On 09/17/2013 05:13 AM, Rogovin, Kevin wrote:
> Hello,
> 
>  Thank you for the very fast answers, some more questions:
> 
> 
>> It's not a preference question.  The registers are 8 floats wide.
>> Vertex shaders get invoked 2 vertices at a time, with a register containing these values:
>>
>> .   +------+------+------+------+------+------+------+------+
>> .   | v0.x | v0.y | v0.z | v0.w | v1.x | v1.y | v1.z | v1.w |
>> .   +------+------+------+------+------+------+------+------+
> 
> This seems best to me: run two vertices in each invocation with the hopes that the
> shader compiler will merge (multiple) float, vec2 and maybe even vec3 operations into 
> vec4 operations (does it)?

Not as well as it should.  There's a lot of room for improvement in our
SIMD4x2/vector backend.  We haven't spent a ton of effort optimizing it
since vertex shaders have rarely been the bottleneck in application
performance.

>> while these 8 pixels in screen space:
>>
>> .   +----+----+----+----+
>> .   | p0 | p1 | p2 | p3 |
>> .   +----+----+----+----+
>> .   | p4 | p5 | p6 | p7 |
>> .   +----+----+----+----+
>>
>> are loaded in fragment shader registers as:
>>
>> .   +------+------+------+------+------+------+------+------+
>> .   | p0.x | p1.x | p4.x | p5.x | p2.x | p3.x | p6.x | p7.x |
>> .   +------+------+------+------+------+------+------+------+
>>
>> Note how one register just holds a single channel ('.x' here) of a vector.  A vec4 would take up 4 registers, and to do value0.xyzw * value1.xyzw, you'd emit 4 MULs.
> 
> This is exactly what I was trying to ask/say about the fragment shader running, i.e. n-fragments are processed with 1 n-SIMD command (for i965, n=8),
> sighs my e-mail communications leave something to be desired. 
> Some questions:
>  1) do the fragments need to be in a 4x2 block, or can it be two separate 2x2 blocks?

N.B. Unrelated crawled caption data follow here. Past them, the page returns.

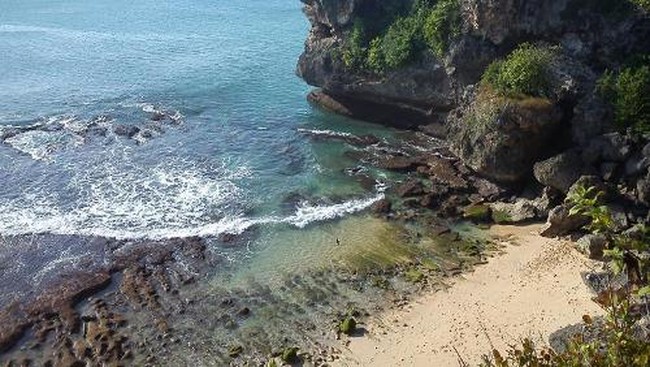 5 Pantai Anti Mainstream di Bali Untuk Long Weekend Kamu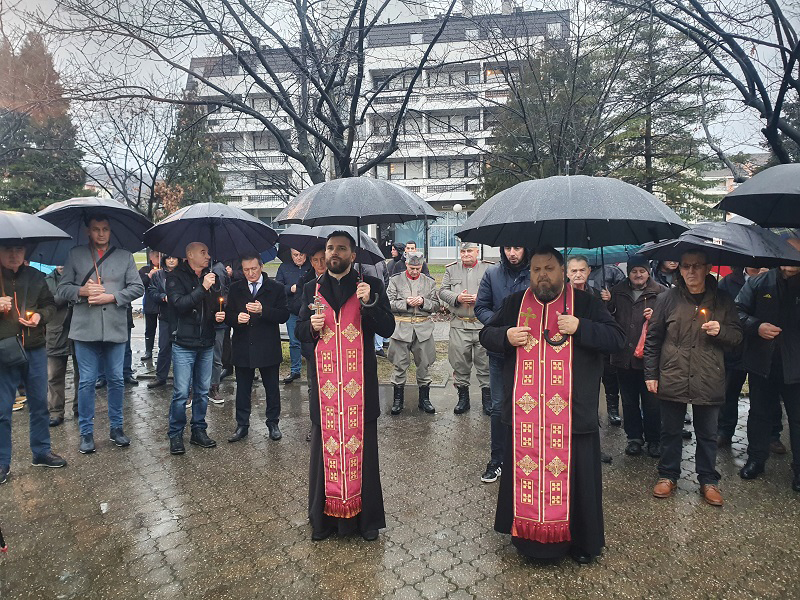 Obilježeno 20 godina od stradanja vojvode Mande FOTO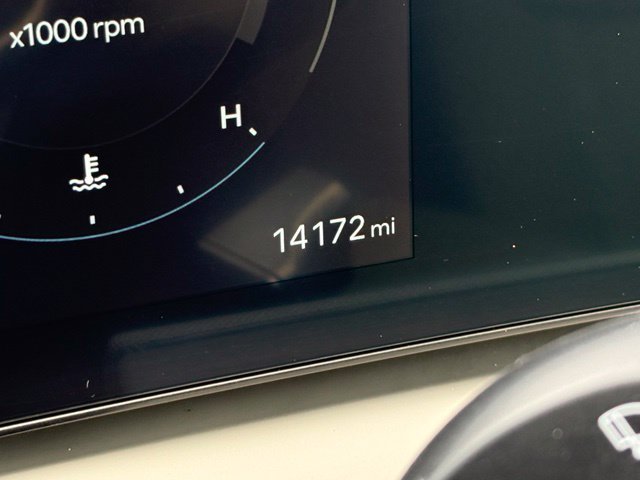 Certified 2025 Hyundai Tucson Limited AWD/4WD image 16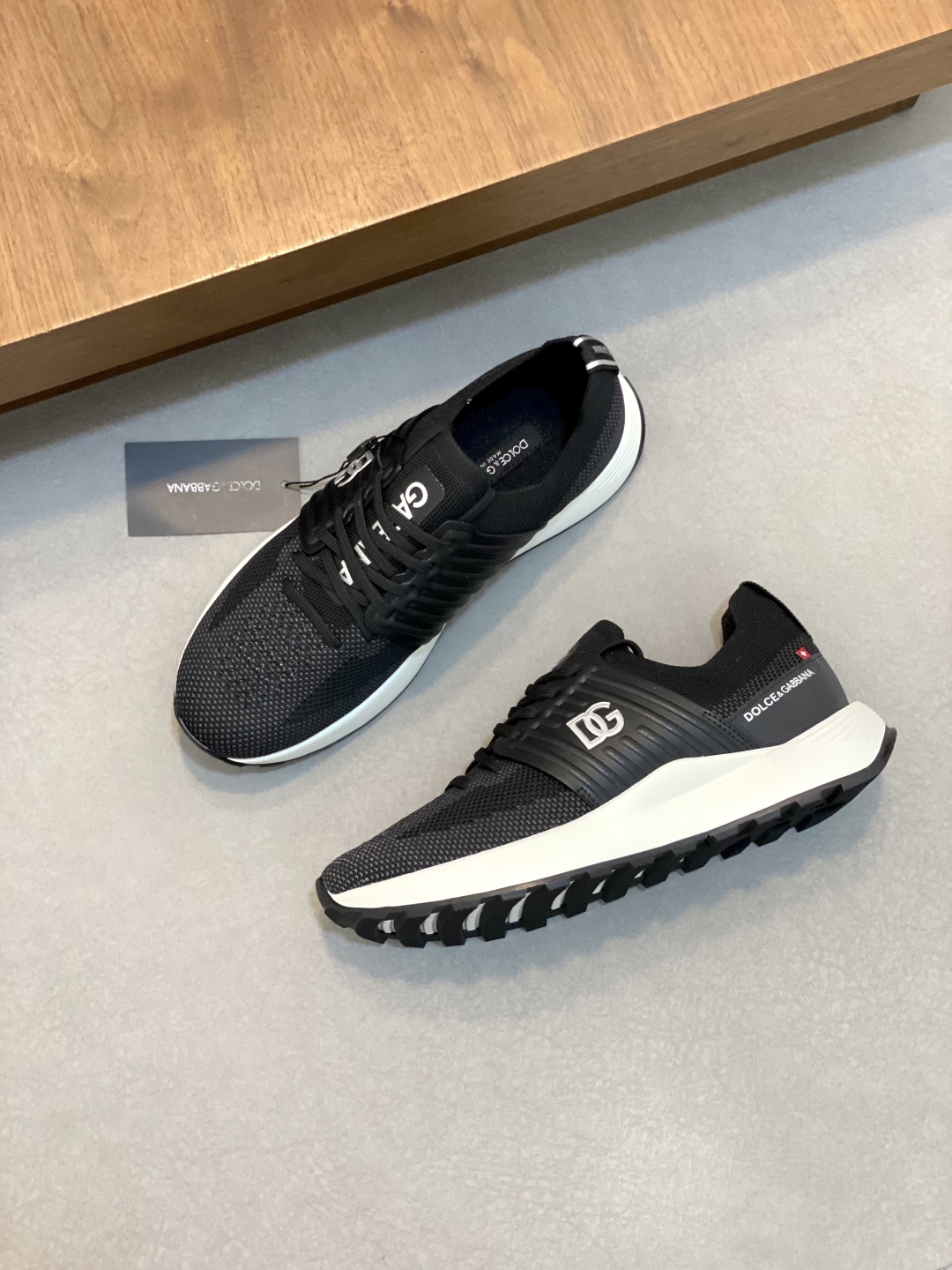 --Nuevo--Dolce&Gabbana--DG de gama alta de los hombres zapatos deportivo-casual. Mostrador superior 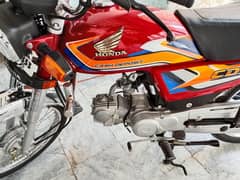 Honda CD 70 lush and genwain condition 2025 model. . .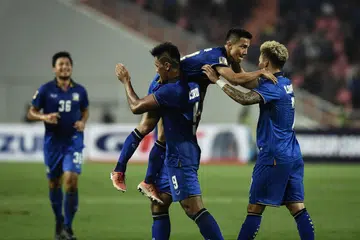 WIRA 'DIJULANG': Penjaring gol Thailand, Chanathip Songkrasin, 'diangkat' rakan sepasukannya semasa kemenangan ke atas Myanmar kelmarin. - Foto AFP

The GPU processes two separate 2x2 blocks of pixels, which may actually
not be anywhere near each other.

>  2) for tiny triangles for fragment shaders that do not require dFdx, dFdy or fwidth, can the fragments be totally scattered?

Nope, the pixel shader always works on 2x2 blocks.

> Along further lines, for non-dependent texture lookups, are there code lines where the derivatives are computed
> analytically so that selecting the correct LOD does not require to process fragments in 2x2 (or larger) blocks? Or does
> the i965 hardware sampler interface does not allow this kind of madness? 
> 
>>> On a related note, where are the beans about the dispatch table?
>> I don't know this one (or particularly what you're asking, I guess).
> 
> Viewing docs/index.html, on the side panel "Developer Topics --> GL
> Dispatch" there is text (broken into sections "1. Complexity of GL
> Dispatch", "2. Overview of Mesa's Implementation" and "3. Optimizations
> " describing how different GL contexts for the same hardware can do
> different things for the same GL function and that mesa has stubs which
> in turn call the "real" function. The documents go on to talk about
> various ways the function tables are filled and accessed across separate
> threads. My questions are:
>  0) is that information text still accurate? In particular, the directory src/glapi is gone from Mesa (atleast what I git cloned) and I thought that was the location of it.
>  1) where/how does the i965 driver fill that table, if it exists?
>  
> Along similar lines, I see that some of the code in src/mesa/main performs various checks of various API calls and at times has some conditions dependent on what context type it is, which kind of contradicts the idea of different context have different dispatch tables [sort of, since the functions might just be the driver magick, where as the stub is validate and then call driver magick]. 
> 
> -Kevin